Macduff is one of five Dewar / Bacardi distilleries and the one that sells most single malts (even though it’s still less than 10% of total production). It’s popular in France and Italy and also known under the name of Glen Deveron. This 25 years old expression is bottled and distributed by Luc Timmermans’ Thosop company.
Nose: malty and fresh. Quite some clean oak (hints of paper and almonds as well). Tonic with a dash of lemon. Nice mix of fruity and drier notes. A very good swimmer – water brings out flowers, apricot marmalade and vanilla cupcakes. The longer you let it breathe, the more fruity it gets (pears). Mouth: fruity with some herbal notes and hints of camomile tea. Some pepper in the back. Add a little vanilla and tiny hints of sweet lemons and oranges. With water: more wood and a little milk chocolate. Some liquorice as well. Finish: pleasantly warm and quite long. Spicy, still reminds me of herbal tea.
Take your time and enjoy. There’s a lot in this Macduff 1984 that you won’t pick up in a first of second impression. A challenging dram with different layers. Remember to add water as well.
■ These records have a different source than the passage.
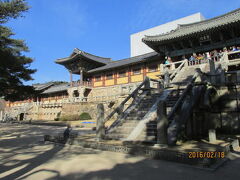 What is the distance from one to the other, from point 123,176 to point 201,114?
6.06 m

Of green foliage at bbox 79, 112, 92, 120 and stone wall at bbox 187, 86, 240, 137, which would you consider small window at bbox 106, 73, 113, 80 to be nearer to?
green foliage at bbox 79, 112, 92, 120

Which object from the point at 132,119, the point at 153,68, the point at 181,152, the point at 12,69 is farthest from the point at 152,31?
the point at 181,152

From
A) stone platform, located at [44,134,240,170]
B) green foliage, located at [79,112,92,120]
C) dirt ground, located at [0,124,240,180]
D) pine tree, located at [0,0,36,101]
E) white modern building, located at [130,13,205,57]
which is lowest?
dirt ground, located at [0,124,240,180]

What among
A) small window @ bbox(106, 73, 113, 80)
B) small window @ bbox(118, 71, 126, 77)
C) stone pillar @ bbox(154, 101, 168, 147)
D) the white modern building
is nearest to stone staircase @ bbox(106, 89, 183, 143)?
stone pillar @ bbox(154, 101, 168, 147)

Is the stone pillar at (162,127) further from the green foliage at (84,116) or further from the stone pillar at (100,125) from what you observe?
the green foliage at (84,116)

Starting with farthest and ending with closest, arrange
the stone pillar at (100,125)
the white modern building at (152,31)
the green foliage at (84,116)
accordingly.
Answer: the white modern building at (152,31), the green foliage at (84,116), the stone pillar at (100,125)

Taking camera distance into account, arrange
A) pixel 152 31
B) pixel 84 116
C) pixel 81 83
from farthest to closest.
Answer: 1. pixel 152 31
2. pixel 81 83
3. pixel 84 116

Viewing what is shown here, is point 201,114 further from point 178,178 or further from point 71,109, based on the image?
point 71,109

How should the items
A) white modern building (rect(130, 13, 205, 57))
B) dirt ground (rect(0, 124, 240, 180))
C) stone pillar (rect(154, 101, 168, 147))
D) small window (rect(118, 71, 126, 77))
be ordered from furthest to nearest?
white modern building (rect(130, 13, 205, 57)) < small window (rect(118, 71, 126, 77)) < stone pillar (rect(154, 101, 168, 147)) < dirt ground (rect(0, 124, 240, 180))

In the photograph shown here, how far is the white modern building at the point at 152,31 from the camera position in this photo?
112ft

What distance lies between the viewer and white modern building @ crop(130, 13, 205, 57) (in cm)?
3408

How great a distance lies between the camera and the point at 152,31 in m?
39.8

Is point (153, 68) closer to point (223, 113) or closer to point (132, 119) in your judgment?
point (223, 113)

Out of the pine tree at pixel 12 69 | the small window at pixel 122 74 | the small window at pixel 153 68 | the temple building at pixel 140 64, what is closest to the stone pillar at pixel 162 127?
the temple building at pixel 140 64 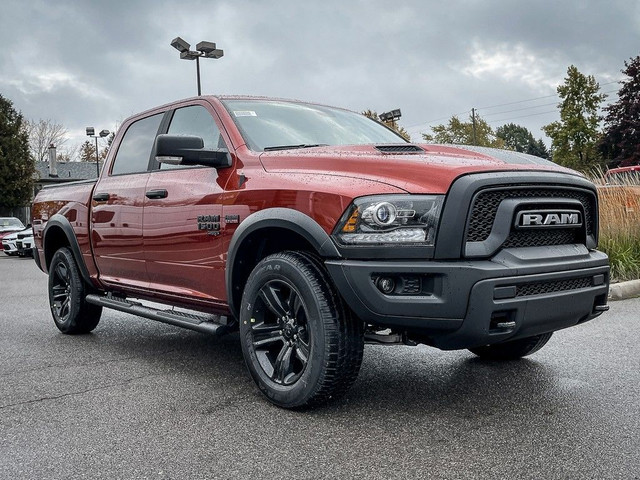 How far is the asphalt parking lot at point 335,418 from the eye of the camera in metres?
2.89

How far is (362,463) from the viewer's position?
9.52 feet

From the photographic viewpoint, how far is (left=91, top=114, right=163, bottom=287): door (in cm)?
502

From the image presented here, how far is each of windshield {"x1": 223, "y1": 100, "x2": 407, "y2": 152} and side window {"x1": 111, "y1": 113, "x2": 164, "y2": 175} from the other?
0.97m

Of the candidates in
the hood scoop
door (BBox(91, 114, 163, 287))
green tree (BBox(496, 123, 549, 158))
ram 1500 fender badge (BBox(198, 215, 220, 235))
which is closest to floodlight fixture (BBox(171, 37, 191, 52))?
door (BBox(91, 114, 163, 287))

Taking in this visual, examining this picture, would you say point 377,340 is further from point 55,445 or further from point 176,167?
point 176,167

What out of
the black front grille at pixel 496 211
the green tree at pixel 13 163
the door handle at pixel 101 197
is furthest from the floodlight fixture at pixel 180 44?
the green tree at pixel 13 163

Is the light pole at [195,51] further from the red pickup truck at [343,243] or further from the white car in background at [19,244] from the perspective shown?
the red pickup truck at [343,243]

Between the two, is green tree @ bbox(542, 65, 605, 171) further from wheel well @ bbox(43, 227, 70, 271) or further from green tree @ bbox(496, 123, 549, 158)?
green tree @ bbox(496, 123, 549, 158)

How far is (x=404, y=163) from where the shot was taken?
3412 mm

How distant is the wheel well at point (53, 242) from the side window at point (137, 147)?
1.09m

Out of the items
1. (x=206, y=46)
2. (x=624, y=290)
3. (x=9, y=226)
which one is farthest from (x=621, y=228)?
(x=9, y=226)

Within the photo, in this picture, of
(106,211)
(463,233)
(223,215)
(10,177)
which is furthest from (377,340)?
(10,177)

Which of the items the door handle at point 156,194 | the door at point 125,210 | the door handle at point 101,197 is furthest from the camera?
the door handle at point 101,197

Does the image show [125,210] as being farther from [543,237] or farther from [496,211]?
[543,237] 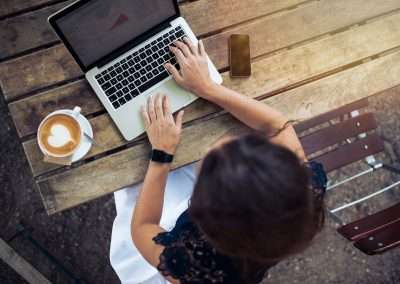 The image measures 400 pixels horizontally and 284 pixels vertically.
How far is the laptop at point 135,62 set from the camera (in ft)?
4.09

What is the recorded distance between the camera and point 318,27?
4.62ft

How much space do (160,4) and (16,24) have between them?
1.44ft

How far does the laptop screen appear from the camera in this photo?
112cm

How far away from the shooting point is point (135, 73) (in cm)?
131

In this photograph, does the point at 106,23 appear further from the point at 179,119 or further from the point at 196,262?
the point at 196,262

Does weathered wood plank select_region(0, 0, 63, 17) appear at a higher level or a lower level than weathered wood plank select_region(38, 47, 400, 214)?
higher

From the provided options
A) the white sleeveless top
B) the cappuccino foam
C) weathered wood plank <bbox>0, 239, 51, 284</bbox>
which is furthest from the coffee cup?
weathered wood plank <bbox>0, 239, 51, 284</bbox>

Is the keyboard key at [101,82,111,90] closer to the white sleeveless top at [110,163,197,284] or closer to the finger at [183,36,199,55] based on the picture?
the finger at [183,36,199,55]

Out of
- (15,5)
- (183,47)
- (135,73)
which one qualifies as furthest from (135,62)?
(15,5)

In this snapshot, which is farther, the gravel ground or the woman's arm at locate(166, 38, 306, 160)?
the gravel ground

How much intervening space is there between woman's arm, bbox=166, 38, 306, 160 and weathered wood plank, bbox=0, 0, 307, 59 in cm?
9

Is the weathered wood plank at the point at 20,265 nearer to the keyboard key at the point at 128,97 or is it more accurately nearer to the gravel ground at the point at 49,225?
the gravel ground at the point at 49,225

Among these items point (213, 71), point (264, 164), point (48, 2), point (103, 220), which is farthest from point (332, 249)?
point (48, 2)

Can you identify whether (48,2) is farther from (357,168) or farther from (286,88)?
(357,168) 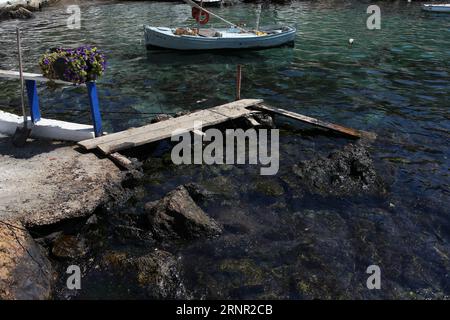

Around € 70.
You may recognize the name of this bottling, which is very similar to the Kornog Taouarc’h Kentan reviewed before. It’s the 2009 release of the peated Glann ar Morwhisky (30-35 ppm) – the French Ardbeg so to speak.
This second release comes from two ex-bourbon barrels and one Sauternes cask and is brought down to 46%. It’s again very limited and virtually impossible to find.
Glann ar Mor ‘Kornog Taouarc’h Eilvet’ (46%, OB 2009, second release)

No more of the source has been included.